In San Francisco, which has one of the biggest gay communities in the country, more than 400 people had gathered at City Hall for the announcements, made early in the morning West Coast time.
Dressed in a full length white wedding dress, Jenni Chang kissed her partner of five years, Lisa Dazols, when the rulings which include lifting a same-sex marriage ban in California were announced.
“We’ll get married now. We’re going today. It feels amazing that our government supports us,” said Dazols, wearing a purple tie and black vest and slacks.
When the first ruling was announced, overturning the 1996 Defense of Marriage Act (DOMA), the crowds exploded in cheers, stamped their feet and couples threw their arms up in the air together.
“It feels good to see love triumph over ignorance, and that began here in San Francisco,” said Mayor Ed Lee.
A crowd of same sex marriage supporters that gathered under brilliant sunshine outside the US Supreme Court in Washington also burst into cheers when they heard the rulings.
Washington lawyer Alex Kaplan, 33, kissed his 45 year old French partner Olivier Basdevant when the DOMA ruling was announced. “It’s a dream come true it will have a profound effect on our family,” said Kaplan.
The couple was especially happy, because the ruling will allow Kaplan to sponsor Basdevant for a US green card to stay in country permanently.
Amanda Werner, a 24 year old bisexual law student, said she traveled from California to Washington to be present for the ruling. “To see (DOMA) dismissed is a great feeling. It is such a great outcome for us. It was time,” she said.

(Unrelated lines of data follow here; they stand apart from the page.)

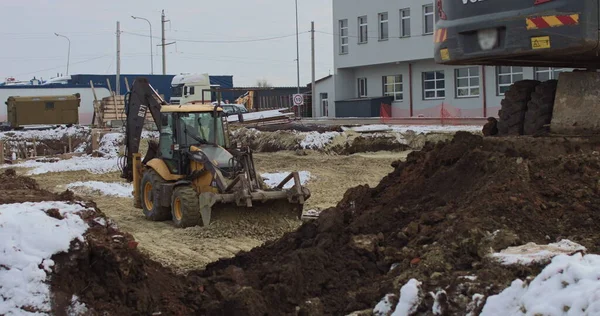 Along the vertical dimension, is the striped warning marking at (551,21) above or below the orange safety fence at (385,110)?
below

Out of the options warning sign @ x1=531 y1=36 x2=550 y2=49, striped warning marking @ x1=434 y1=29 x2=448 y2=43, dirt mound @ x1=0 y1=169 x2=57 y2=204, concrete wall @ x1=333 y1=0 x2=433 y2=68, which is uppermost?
concrete wall @ x1=333 y1=0 x2=433 y2=68

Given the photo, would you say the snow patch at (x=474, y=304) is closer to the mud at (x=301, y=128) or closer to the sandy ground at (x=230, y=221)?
the sandy ground at (x=230, y=221)

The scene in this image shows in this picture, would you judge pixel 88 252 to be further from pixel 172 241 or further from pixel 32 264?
pixel 172 241

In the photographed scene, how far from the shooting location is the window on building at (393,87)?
4656cm

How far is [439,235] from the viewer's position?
5629 mm

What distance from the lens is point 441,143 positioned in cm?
758

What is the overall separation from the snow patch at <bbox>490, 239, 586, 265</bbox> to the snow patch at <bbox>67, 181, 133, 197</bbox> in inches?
523

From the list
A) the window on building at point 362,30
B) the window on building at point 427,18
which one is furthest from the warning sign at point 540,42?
the window on building at point 362,30

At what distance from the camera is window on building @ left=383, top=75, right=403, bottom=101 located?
46.6 meters

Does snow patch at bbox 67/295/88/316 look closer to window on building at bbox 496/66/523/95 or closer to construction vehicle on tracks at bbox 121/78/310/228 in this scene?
construction vehicle on tracks at bbox 121/78/310/228

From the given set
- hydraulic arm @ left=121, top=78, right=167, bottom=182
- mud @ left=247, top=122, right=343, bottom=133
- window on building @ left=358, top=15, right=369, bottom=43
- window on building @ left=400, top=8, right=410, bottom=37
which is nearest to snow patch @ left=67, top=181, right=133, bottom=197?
hydraulic arm @ left=121, top=78, right=167, bottom=182

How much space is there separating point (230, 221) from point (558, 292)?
7958mm

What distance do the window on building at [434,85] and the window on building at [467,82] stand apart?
1.18 m

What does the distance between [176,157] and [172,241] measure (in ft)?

In New York, Edie Windsor, the 84 year old lesbian widow whose legal challenge led to Wednesday’s ruling, was applauded by celebrants at Stonewall Inn, the focal point of a seminal 1969 clash between gays and police.
“To all the people, thank you, thank you, thank you,” she told a crowd gathered in Greenwich Village that waved banners with messages such as “All Love is Equal.”
Christine Quinn, speaker of New York City Council, paid tribute. “It’s two New York City lesbians who brought DOMA down,” she said. “We are just as good, we are just as important, we are just as American as anybody else.”
The Supreme Court also said a case on Proposition 8, a 2008 voter initiative in California that prohibited same-sex marriage in the nation’s most populous state, was not properly brought before them.
That 5-4 decision which indicates that gay marriages will soon resume in California enabled the justices to dodge the thornier issue of whether same-sex marriage is a constitutional right throughout the United States.
California briefly allowed same-sex marriages in 2008 before the Proposition 8 ban.
Governor Jerry Brown ordered local officials to resume issuing marriage licenses to gay couples as soon as possible, a process that could take at nearly a month.
“After years of struggle, the US Supreme Court today has made same sex marriage a reality in California,” Brown said, adding that gay couples will only be able to marry once the stay of a lower court injunction is lifted.
Celebrations were especially raucous late Wednesday in San Francisco’s Castro district, one of the country’s first gay neighborhoods.
Men and women in flamboyant costumes danced to music blaring from giant loudspeakers in a packed two-block section of the district.
The crowd included people waving rainbow and US flags, and the Sisters of Perpetual Indulgence, a group of activist gay men dressed in drag like nuns.
Among the celebrants were Julie and Mindy Kendall, 64 and 55, a lesbian couple who had been together for 28 years and married in 2004, and again in 2008. The couple said they were on the committee that created the rainbow gay pride flag 45 years ago.
“We are not second class citizens,” said Mindy Kendall. “Our civil rights aren’t up for vote,” added Julie Kendall, an elementary school teacher.
Also among the revelers was Arthur Slepian, 58, a former president of the Sha’ar Zahav, a nearby Jewish temple founded by four gay men in 1977.
“Back then, people wanted a place to be Jewish and gay, and be themselves,” said Slepian.
“Our rabbi has performed lots of marriages for same sex couples, whether it was legal or not. I imagine he’ll be performing a lot more now.”